| What is needed |
Beginning with the line that contains "mains écrivant sur", write out each remaining line of the records below exactly. Do not copy any picture.

[Recorded data]
####

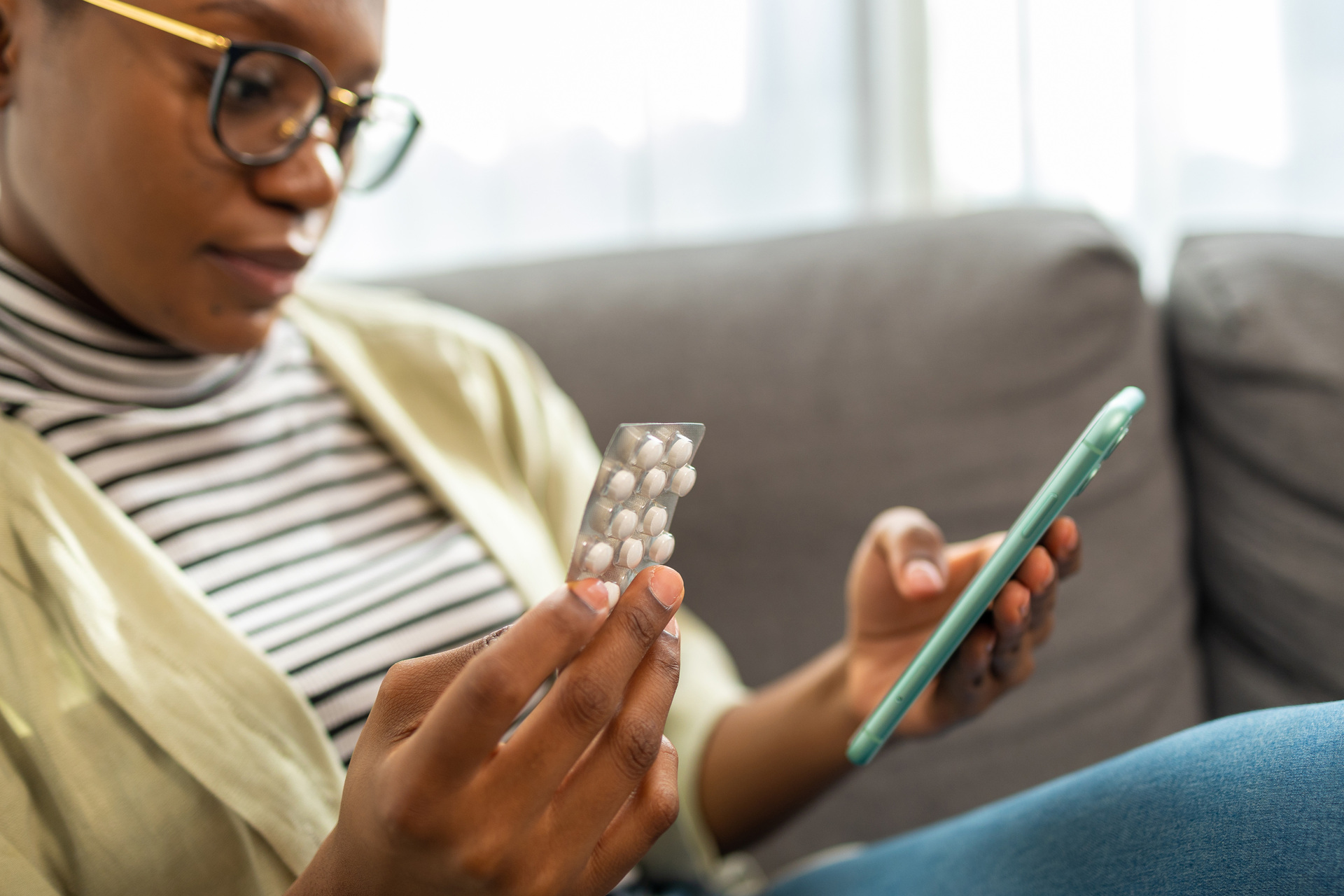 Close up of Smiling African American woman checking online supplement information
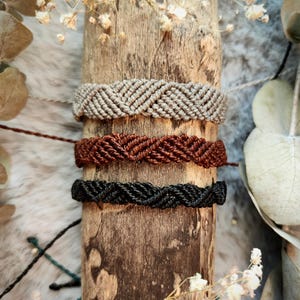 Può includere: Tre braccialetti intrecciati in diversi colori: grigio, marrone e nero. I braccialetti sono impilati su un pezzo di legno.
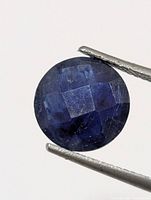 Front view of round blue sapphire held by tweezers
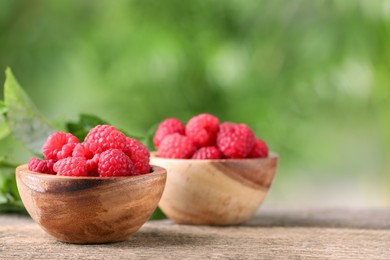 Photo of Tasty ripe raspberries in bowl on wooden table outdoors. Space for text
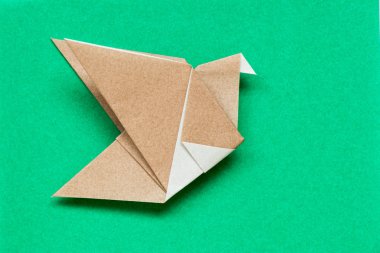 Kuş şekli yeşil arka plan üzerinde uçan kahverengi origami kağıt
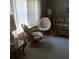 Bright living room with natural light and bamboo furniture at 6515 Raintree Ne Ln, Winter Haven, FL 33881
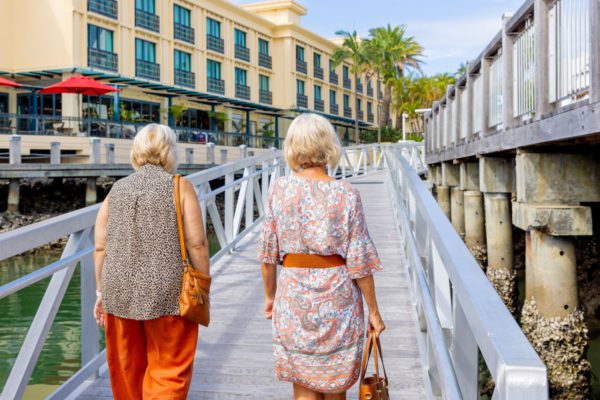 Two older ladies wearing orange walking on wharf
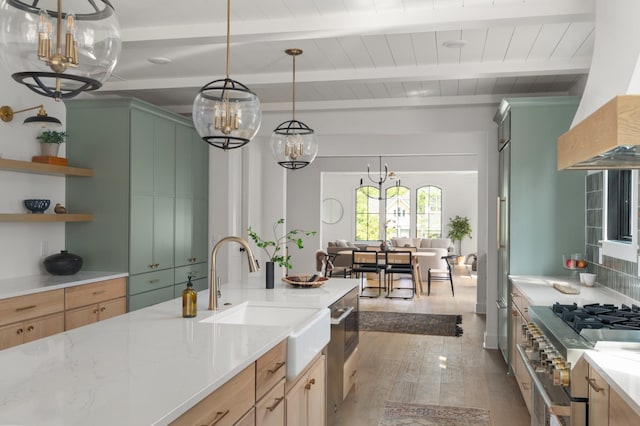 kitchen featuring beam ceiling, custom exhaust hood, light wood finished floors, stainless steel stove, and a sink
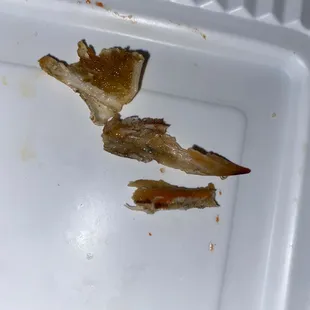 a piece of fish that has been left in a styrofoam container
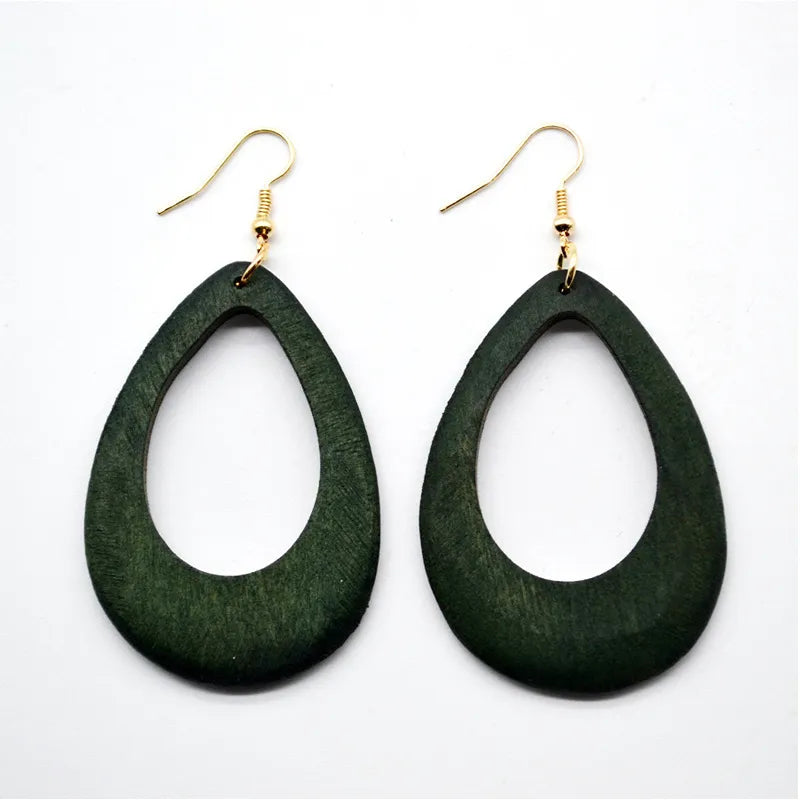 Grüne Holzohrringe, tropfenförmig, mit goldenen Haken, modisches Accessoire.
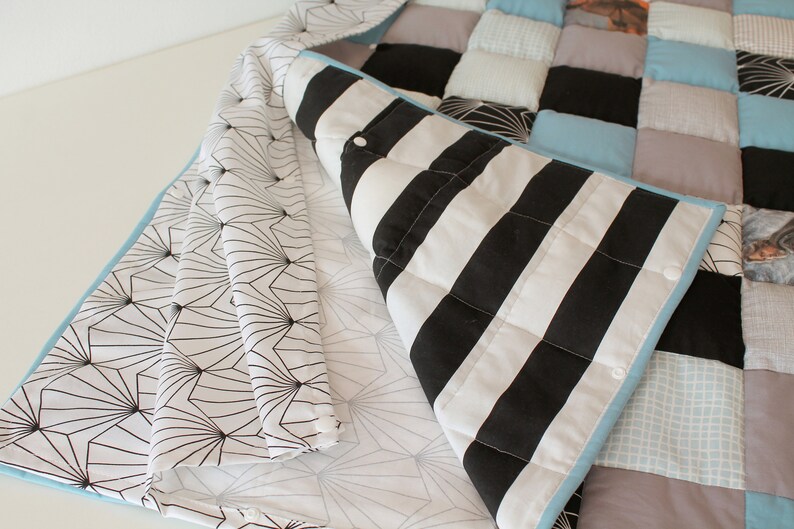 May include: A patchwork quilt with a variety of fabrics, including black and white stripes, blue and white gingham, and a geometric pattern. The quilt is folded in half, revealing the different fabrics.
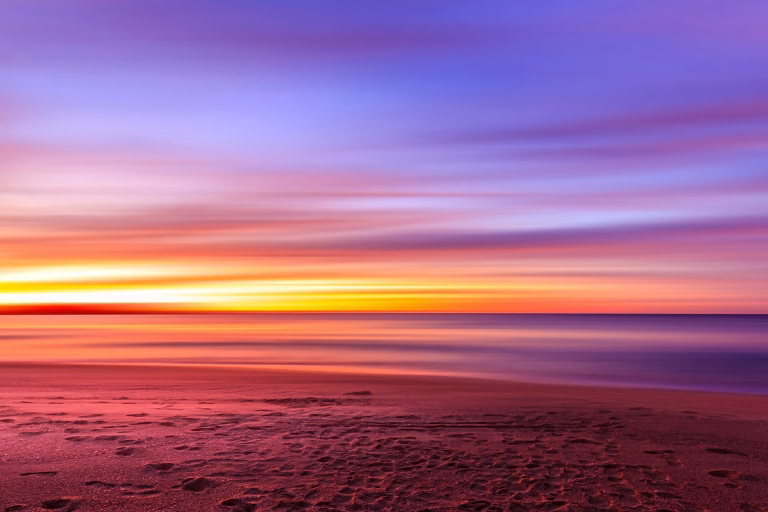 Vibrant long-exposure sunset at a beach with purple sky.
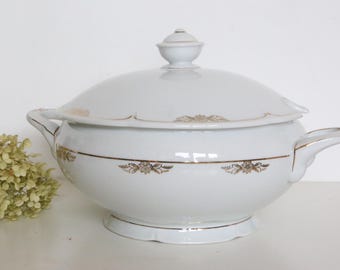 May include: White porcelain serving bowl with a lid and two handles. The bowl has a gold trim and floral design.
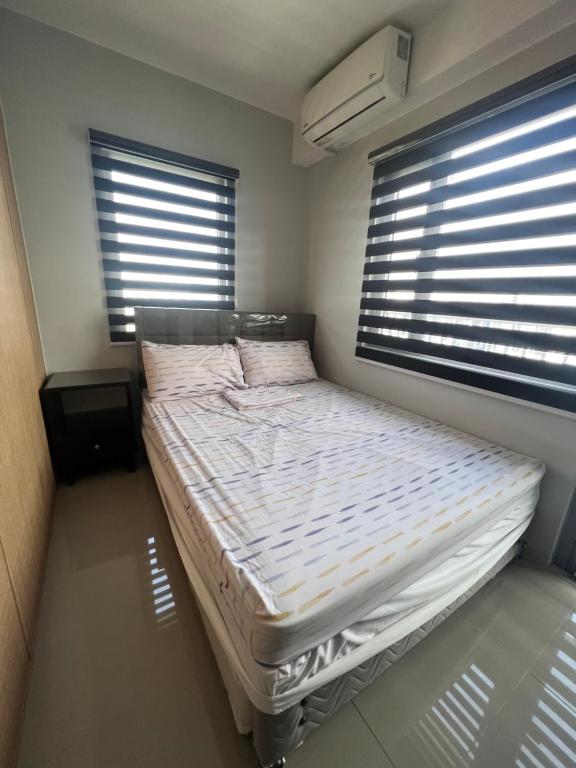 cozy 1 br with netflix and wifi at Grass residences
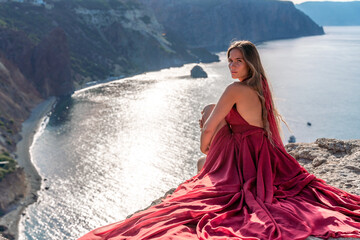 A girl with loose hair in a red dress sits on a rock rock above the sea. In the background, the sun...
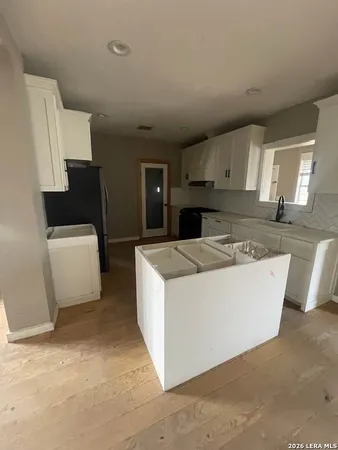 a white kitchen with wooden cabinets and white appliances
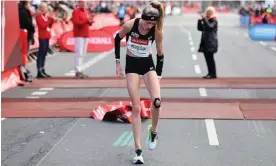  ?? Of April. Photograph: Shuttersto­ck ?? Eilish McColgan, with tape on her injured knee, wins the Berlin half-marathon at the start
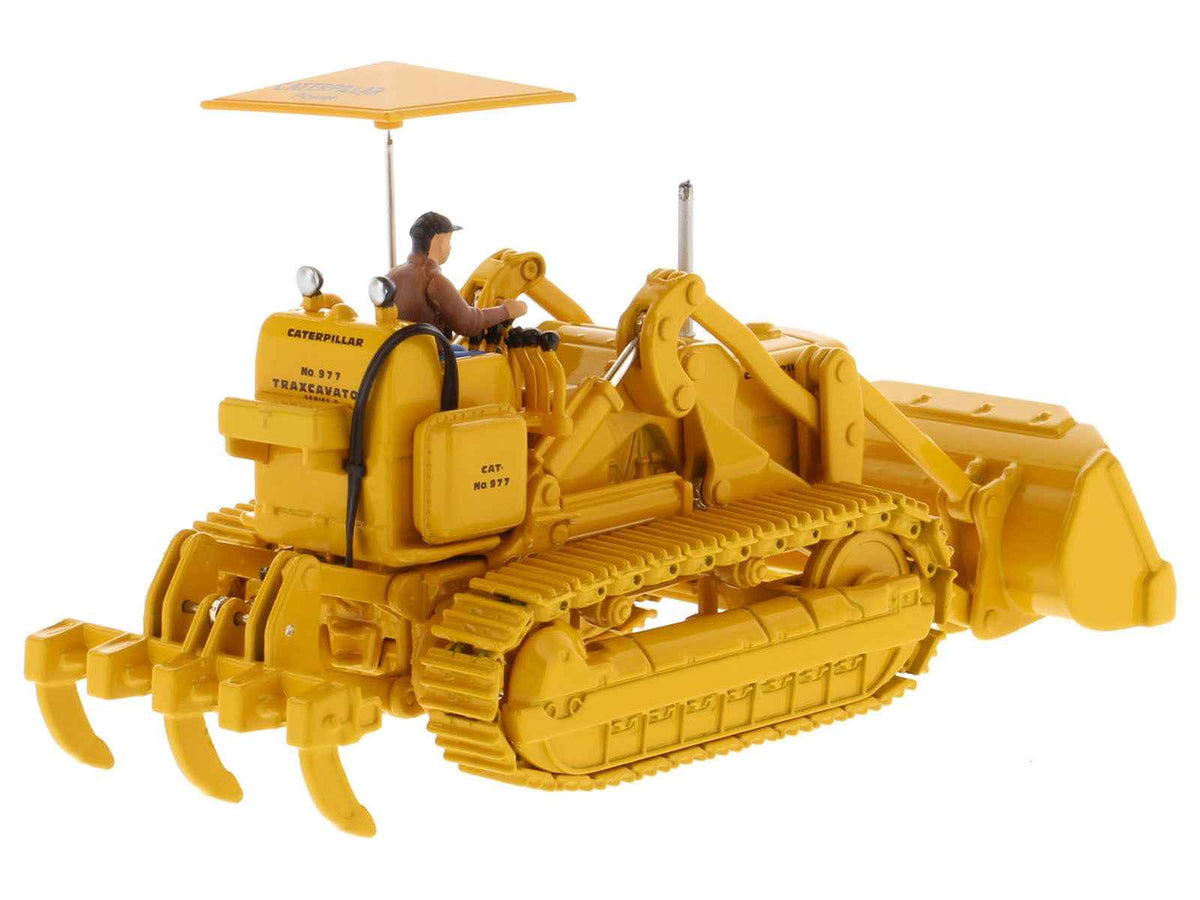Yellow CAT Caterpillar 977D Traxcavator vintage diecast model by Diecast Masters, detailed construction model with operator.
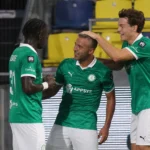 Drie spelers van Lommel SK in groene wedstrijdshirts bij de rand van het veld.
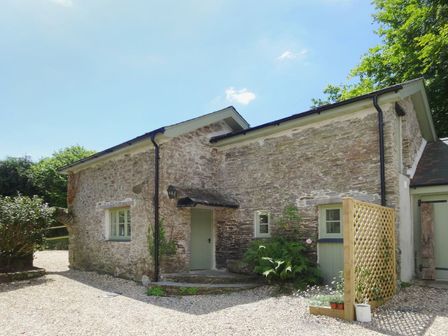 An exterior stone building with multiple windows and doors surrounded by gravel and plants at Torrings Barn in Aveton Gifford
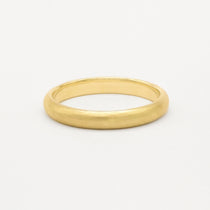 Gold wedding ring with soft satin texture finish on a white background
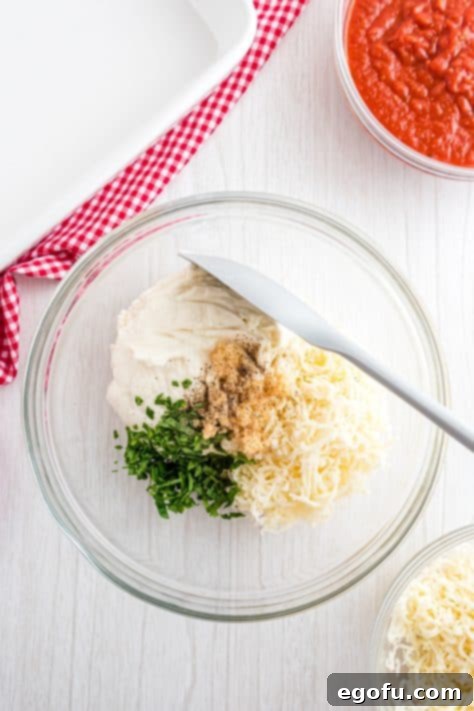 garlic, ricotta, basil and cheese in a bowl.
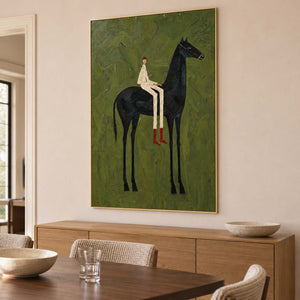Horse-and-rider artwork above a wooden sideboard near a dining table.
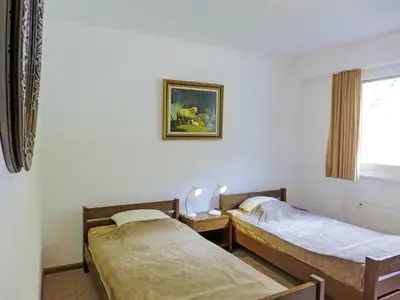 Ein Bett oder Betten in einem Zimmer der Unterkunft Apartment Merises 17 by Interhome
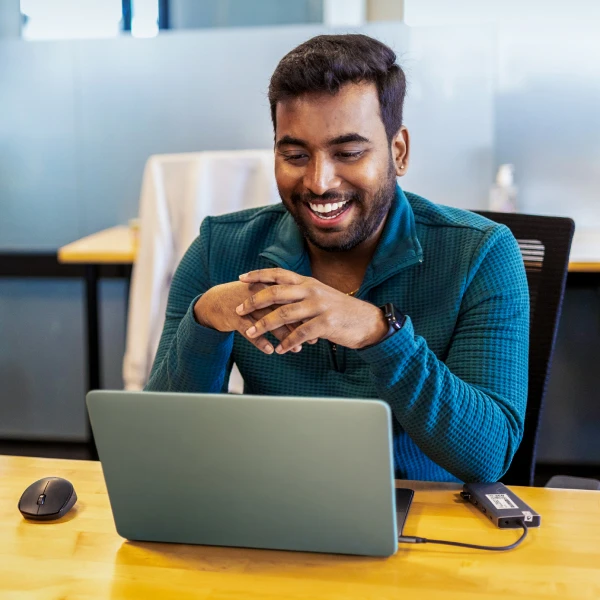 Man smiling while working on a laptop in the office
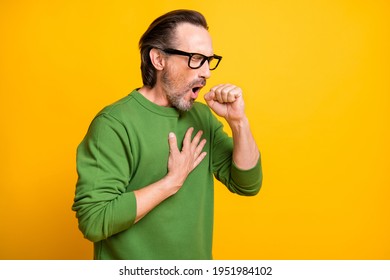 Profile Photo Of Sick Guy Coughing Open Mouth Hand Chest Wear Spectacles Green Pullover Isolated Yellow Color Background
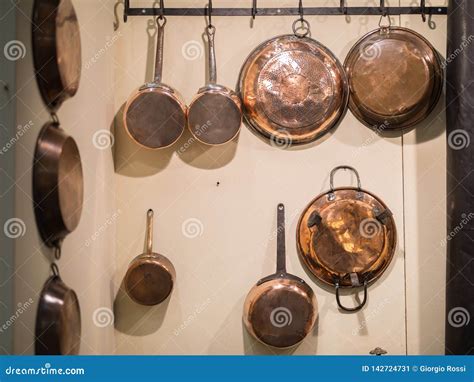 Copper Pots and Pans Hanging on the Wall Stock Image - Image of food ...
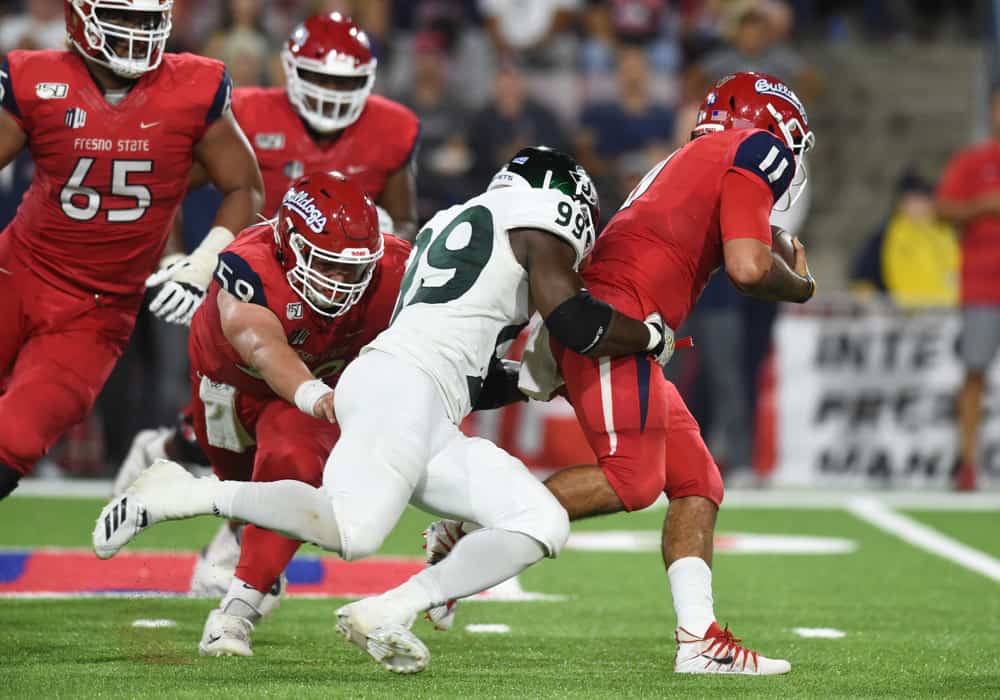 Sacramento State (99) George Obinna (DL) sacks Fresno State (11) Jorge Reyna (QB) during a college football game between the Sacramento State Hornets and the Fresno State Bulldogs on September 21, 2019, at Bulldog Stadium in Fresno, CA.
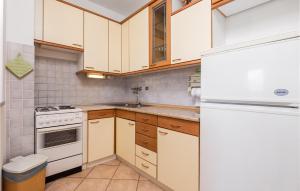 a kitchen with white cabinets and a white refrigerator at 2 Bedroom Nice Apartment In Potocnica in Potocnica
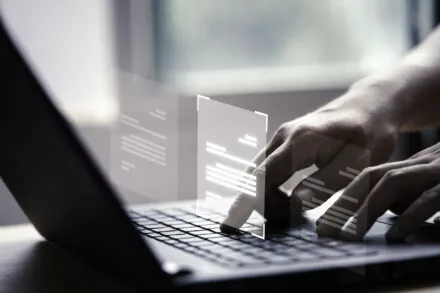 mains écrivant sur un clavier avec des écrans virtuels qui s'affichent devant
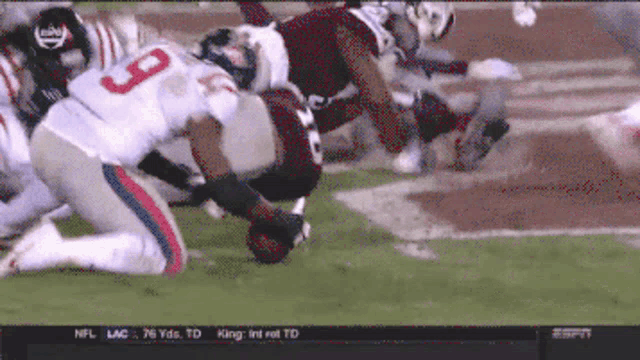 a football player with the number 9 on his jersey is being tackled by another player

####

| Final answer |
 mains écrivant sur un clavier avec des écrans virtuels qui s'affichent devant
 a football player with the number 9 on his jersey is being tackled by another player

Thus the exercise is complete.